The name of Elij is derived from the word “Eel”, from the Aramaic language, and it means “God of soft valley”. But from the Greek, it is derived from the word “Ellios” meaning “Goddess of the Sun”.

According to a Syriac inscription on the church wall (1277 AD.): “In the name of the eternally living God, in the year 1588 of the Greek era, this Jacobi temple was built for the Mother of God who prays for us, by the bishops Mark and John, in 1588 of the Greek era.” A cross was also engraved with a Syriac state “In You we conquer our enemy and in your name, we tread our haters”. There’s Syriac writing on the monastery’s wall: “In the name of the living God, in 1746 A.D, the two monk- brothers Amoun & Ming. It was established by four patriarches Botros, Ermia, Yaacoub, and Youhanna in 1121 A.D”.

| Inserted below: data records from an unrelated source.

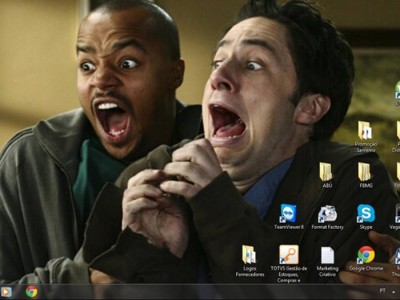 Генијални позадини за десктоп што ќе ве насмеат до солзи!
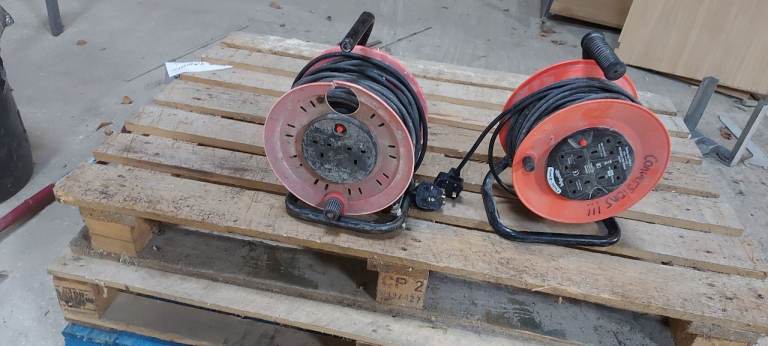 Mains extension cable reels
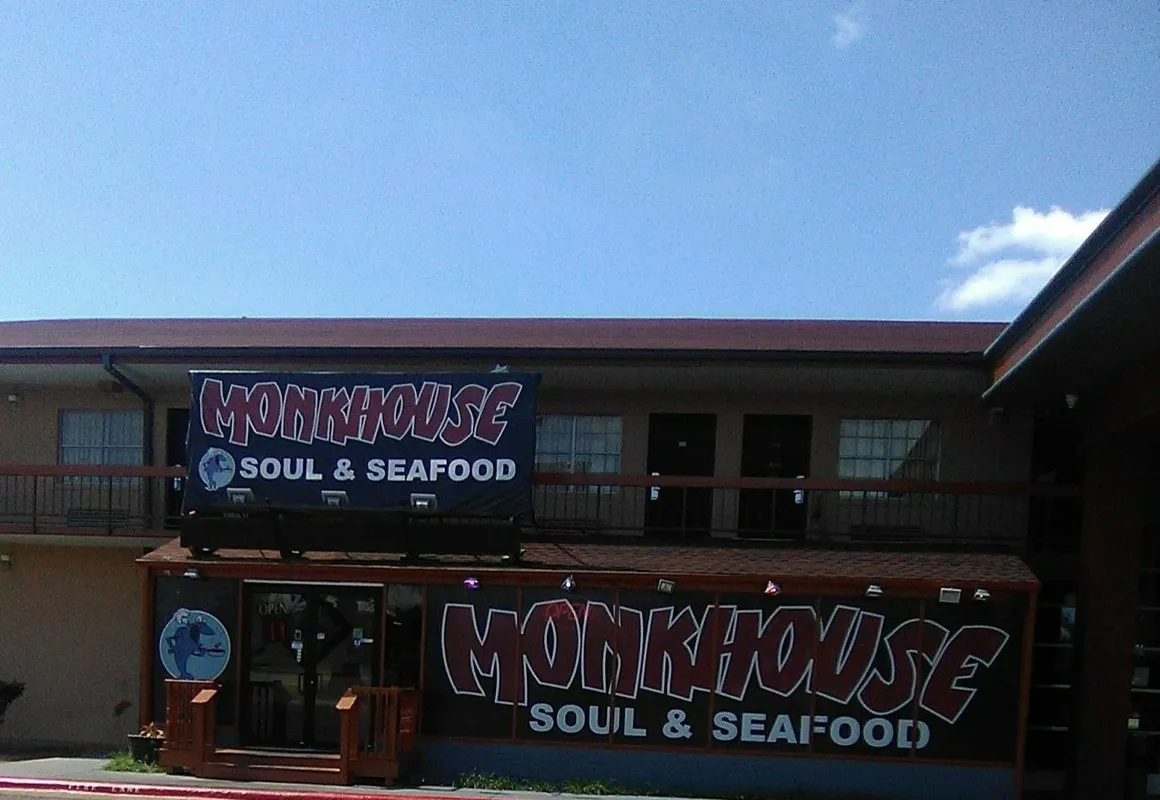 Regency Inn & Suites hotel hero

The church is known for its ”Elij” icon of the Virgin Mary and Jesus Christ: while restoring it in 1985, Sisters of karlmalite-Harissa, researchers had found 10 different layers of paint, and the oldest one backed to the 10th century (every layer is over 100 year).

This monastery is the fourth oldest belonging to the Maronites. It is one of the most ancient Episcopal seats in Lebanon. It was built on the ruins of a pagan temple as mentioned before. It had witnessed all types of persecution and martyrdom for the name of Jesus Christ, in addition to the history and faith, in what it spared miracles and glorification of Virgin Mary. It is not an edifice, but it looks like a grotto, built in the valley amidst old trees, between the mountains and the rebellious course of two rivers, of soil-colored dabachi stones which cannot easily be seen under the walnut trees…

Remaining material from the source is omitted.